Dennett argues that self, qualia, and consciousness are all delusions. I consider this to be a leap far beyond the data he cites. But his data -- achieves his lesser goal he wants to of subverting the undeniability of experience. If you have not encountered this family of thinkers, the delusionists, I strongly recommend reading at least a few of their works. The best single work I have found is Susan Blackmores's A Very Short Introduction to Consciousness. I review that here: https://www.amazon.com/gp/c.... Dennett himself is much more obscure and indirect than Blackmore, but if you want to read the obscure master rather than the clear acolyte, check out Consciousness Explained. Two other works I have encountered in the same family are David Eagleman's Incognito, and Wegner's Illusion of Conscious Will.

The suspicions that the delusionist data throws on direct realism, leaves really only selfhood as a plausible certainty. And Descartes found he was unable to construct anything useful from that alone.

And as for logic -- the presumption of JTB is that T is T in classical logic, and this is somehow primary, and real in the world. But the exploration of logic, from Kant through Today, and the multitudes of non-classical logics, showed that one can basically make any set of postulates one wants, so what is "true" in that abstraction is irrelevant to our world. There IS no singular logic. What logic one should use to get the most useful results in this world -- is an empirical question. And empirical questions only give pragmatic approximations to a "true" answer.

Meanwhile, all justifications run afoul of Munchausen's Trilemma. Nothing can be justified, other than pragmatically, with logically invalid justifications. Combine this with no logical truth, and we have no JTBs.

Munchausen's Trilemma states that if knowledge requires proof, and a proof is given, then a proof for that proof must be given, and so on in an infinite regress.  Hence there only three ways to knowledge: first, the infinite regress.  Second, circular reasoning, in which some proof is said to be proof of itself, and third is dogmatism, in which knowledge requires no proof.  All are, as you can see, problematic.  This problem has been known since at least as early as Aristotle, who described it in more technical terms as the Problem of First Principles.

This is not where to stop -- as reconstruction is a necessary step after deconstruction. I rely upon pragmatic approximations to truth, based on effectiveness. And pragmatic approximations to justification. But pragmatic empiricism is -- only supported by its empirical effectiveness, which is an explicit circular fallacy. That is the best we can do, so it is what I rely upon.

T: I love this post, thank you for taking the time to write it up.

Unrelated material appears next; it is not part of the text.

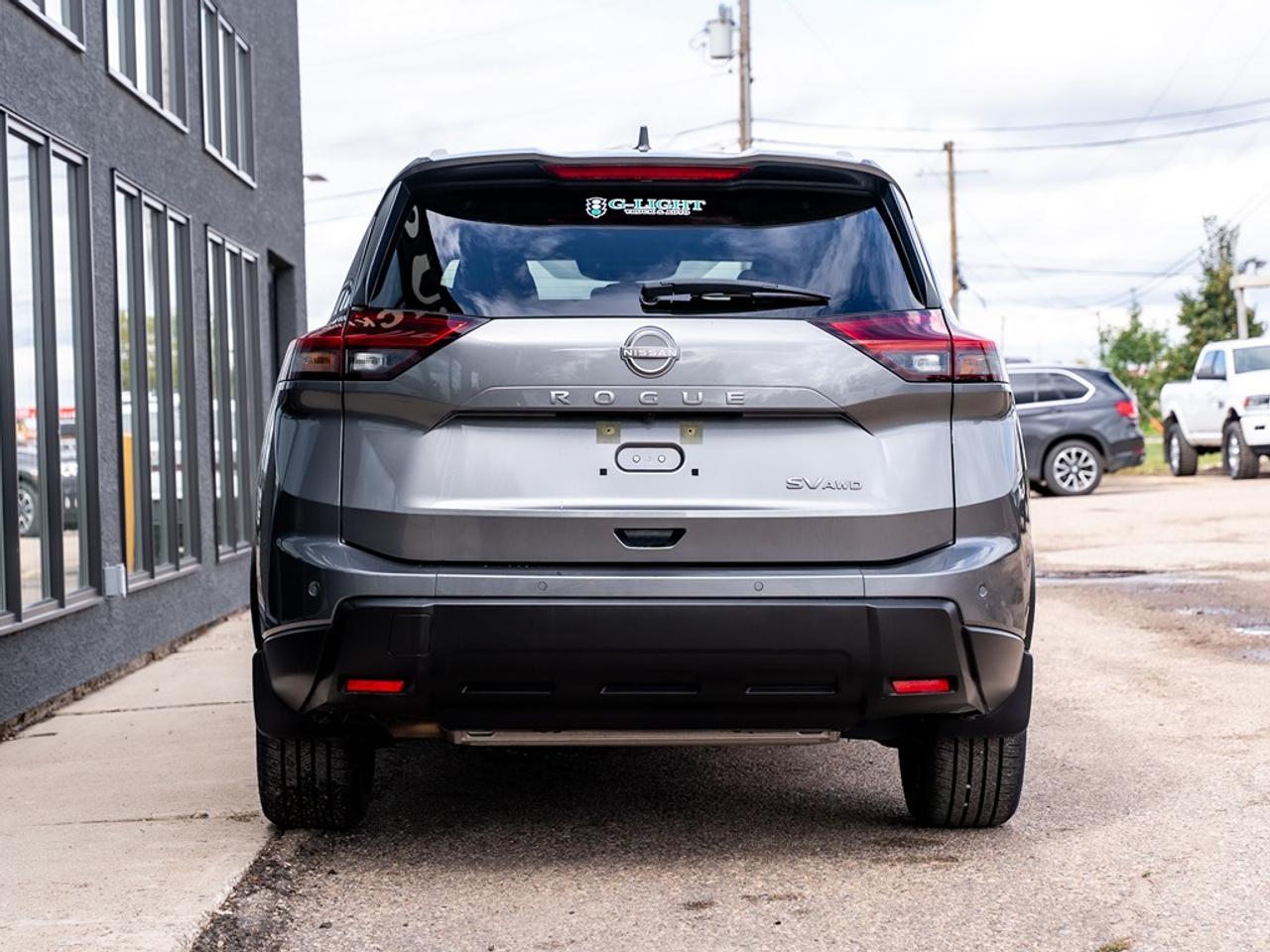 2024 Nissan Rogue AWD SV With Moonroof Photo27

Generally I think we agree on the big picture, though perhaps differ on some of the implications to draw from that. As I suspected, your refutation of JTBs is limited to empirical truths or, as you put it in more precise terms, of the ability to derive JTBs about realism directly from empirical experience. I think we're in broad agreement on this aspect.

I think we disagree somewhat about the import of the cogito and the reasons for Descartes inability to proceed from this discovery alone. But I am curious: do you feel that sense experience itself offers justification for the truth of that experience?

I don't mean we should expect that the feeling of pin pricks should prove the truth belief that a spider is crawling up one's arm, but rather that the sense of having been pricked is itself immanent. In the past I've used the metaphor of the cinema, where I argue it is impossible to be wrong about one's having viewed this stimulus, though it is impossible to derive JTBs from that viewing to the actuality of the reality it purports to depict.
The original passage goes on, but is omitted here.